July 19, 2010 at 12:49 pm
I'm new to this XML stuff, so please excuse my lack of knowledge.
Below is part of the daily file provided by the US Government Printing Office. This is a large file and I'm only interested in a few small parts of it.
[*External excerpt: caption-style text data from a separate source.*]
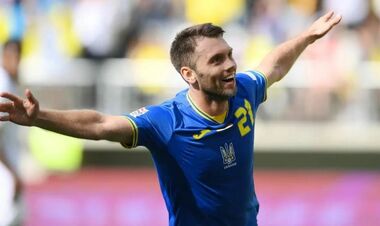 Александр КАРАВАЕВ: «С первых минут была невероятная поддержка»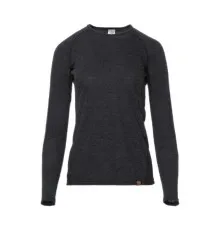 Термофутболка Turbat Retezat Top Wmn caviar black M (012.002.0487)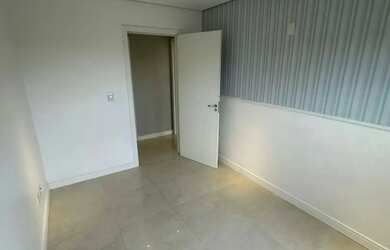 Imagem 4: Apartamento com 2 dormitorios, com elevador e 1 vaga de garagem em Canoas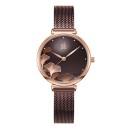 Orologi da donna E2448 5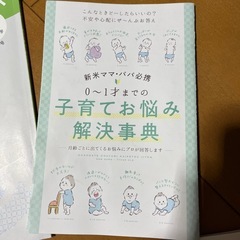 　ベビー本　こどもちゃれんじ　10冊セットの画像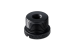 Arcury 1/4"-20 Female to 5/8"-27 Male Screw Adapter (SA-12) 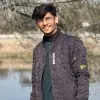 Chandan Singh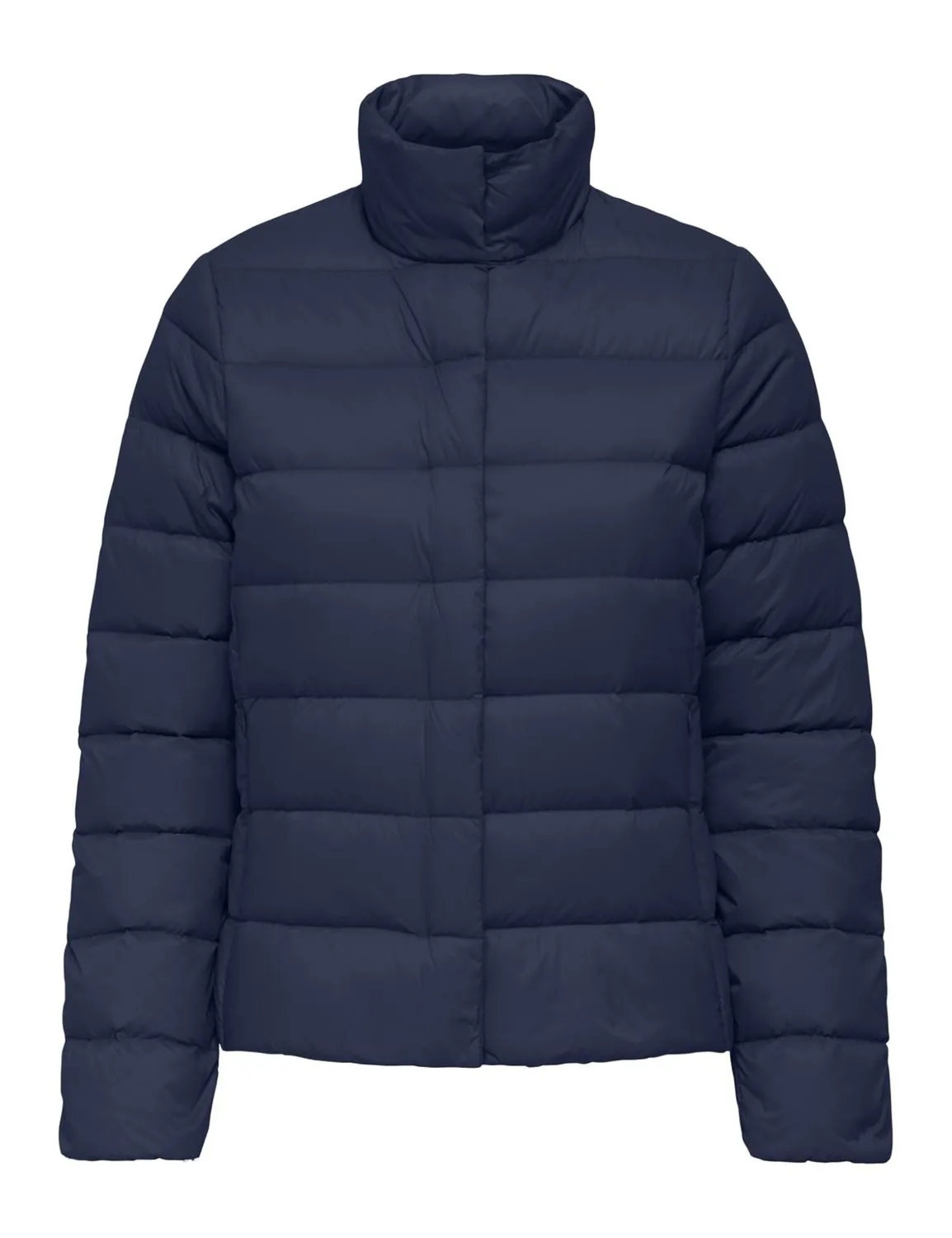 ONLY Onlruby Quilted Down Jacket Otw giacca trapuntata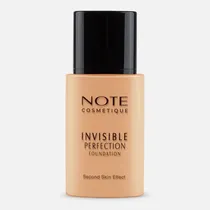  Note Base I...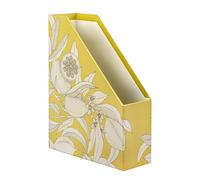 Jardin des Sens, Porte magazines 25x10x32,5cm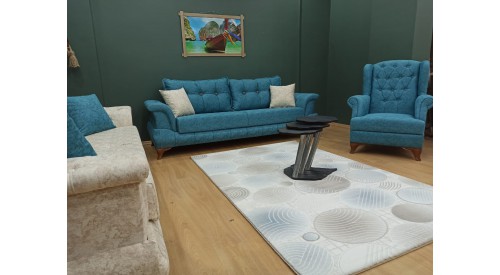 FLİNTA KOLTUK TAKIMI FLİNTA KOLTUK TAKIMI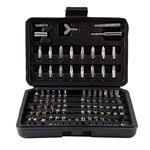 INSERTI VALIGETTA Sr Pz 100          ESSENTIAL LTI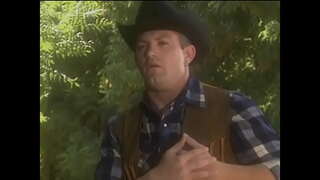 Nasty cowgirl Nikita Denise comminated yakhe hare-brained boyfriend - indixhwile snatcher kuba yakhe, uselemkrexezile udade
So what I'm trying to do is pull out the relevant parts, and load it into a tables that I can then report on.
I have worked out how to find the relevant sections, but I can figure out how to iterate thru the entries within the section.
Attached is an example of the output I'm hopeing to achieve.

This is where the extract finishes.